Ayer en el Haserre de Goierri optaron por servirnos a la carta como si nada. Nos decantamos por la sopa de pescado, un plato de kokotxas de bacalao y una chuleta de ternera.

La sopa estaba correcta pero pecaba de falta de sabor, de fuerza. Las kokotxas estaban acompañadas de una salsa verde bien ejecutada pero el producto era muy pobre, acuoso, en un conjunto mal ligado. La chuleta estaba hecha como nos gusta, tostada por fuera y roja por dentro, pero el interior estaba frío. Fue el único plato sobre el que comentamos nuestra opinión, pero ante la opción que se nos dio (darle unas vueltas más en la plancha), optamos por dejarla tal cual. El acompañamiento de patatas fritas congeladas terminó por completar el cuadro.

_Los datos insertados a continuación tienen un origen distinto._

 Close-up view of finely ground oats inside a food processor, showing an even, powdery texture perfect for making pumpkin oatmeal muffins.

No había postres caseros, pero esto se nos advirtió, indicándosenos que el fin de semana sí los hay. Y se nos sirvió una tarta de manzana de obrador que sin ser para echar cohetes, resultó lo mejor de la comida.

Nos hubiera gustado comentar algo positivo, pero incluso el vino, un Baigorri de 2007, se encontraba en ese punto de declive sin retorno al que llegan muchos crianzas cuando se acercan a su décimo año de vida.

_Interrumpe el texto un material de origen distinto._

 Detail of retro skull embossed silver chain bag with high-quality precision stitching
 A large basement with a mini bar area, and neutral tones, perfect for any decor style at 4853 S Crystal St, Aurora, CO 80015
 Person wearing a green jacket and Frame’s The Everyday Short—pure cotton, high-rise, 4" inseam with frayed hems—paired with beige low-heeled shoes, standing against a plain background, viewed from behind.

Lo dicho, comer comimos, pero cuando alguien acude a un restaurante a la carta, espera una experiencia más cuidada, sobre todo cuando se pagan 44 euros por persona, precio por el que se puede comer estupendamente en los alrededores.

No dudamos que el fin de semana mejorará la cosa, y que seguramente concertando el menú Haserre ofrecerá diferentes sugerencias mejor trabajadas. Pero nos remitimos a lo comentado: cuando se sabe que no se va a poder ofrecer un buen servicio a la carta (y eso los que mejor lo saben son los responsables y los cocineros del local), se admite, se comunica al comensal y punto. Todo no vale. Se tiene o no se tiene.

Una crítica comedida

Esta era la terrible crítica que me reprochó el caminante. No sé qué pensarán los lectores, pero mi sensación al releerla fue de alivio. Me reafirmo en que no fue una crítica gratuita, que fue comedida, que no contenía ninguna exageración, falsedad o calumnia y que críticas mucho más duras y crueles son publicadas día a día en las redes, en foros como Trip Advisor o incluso en periódicos serios por los críticos incontinentes que menciono al inicio.

El episodio, en cualquier caso, me sirvió para ser aún más consciente de algo que siempre he pensado y que hace que me contenga cuando saco a relucir mi lado tocapelotas: que las críticas pueden doler y tener consecuencias funestas. La persona que habló este verano conmigo, nueve años después seguía dolido por un toque de atención que, a mi humilde entender, no supo o no quiso analizar en su día. Con lo que imagínense cómo pueden sentirse las víctimas de críticas hirientes, falsas o crueles. Como periodistas, como analistas de la realidad, debemos tener tacto y sensibilidad, aunque a veces sea complicado guardar las formas.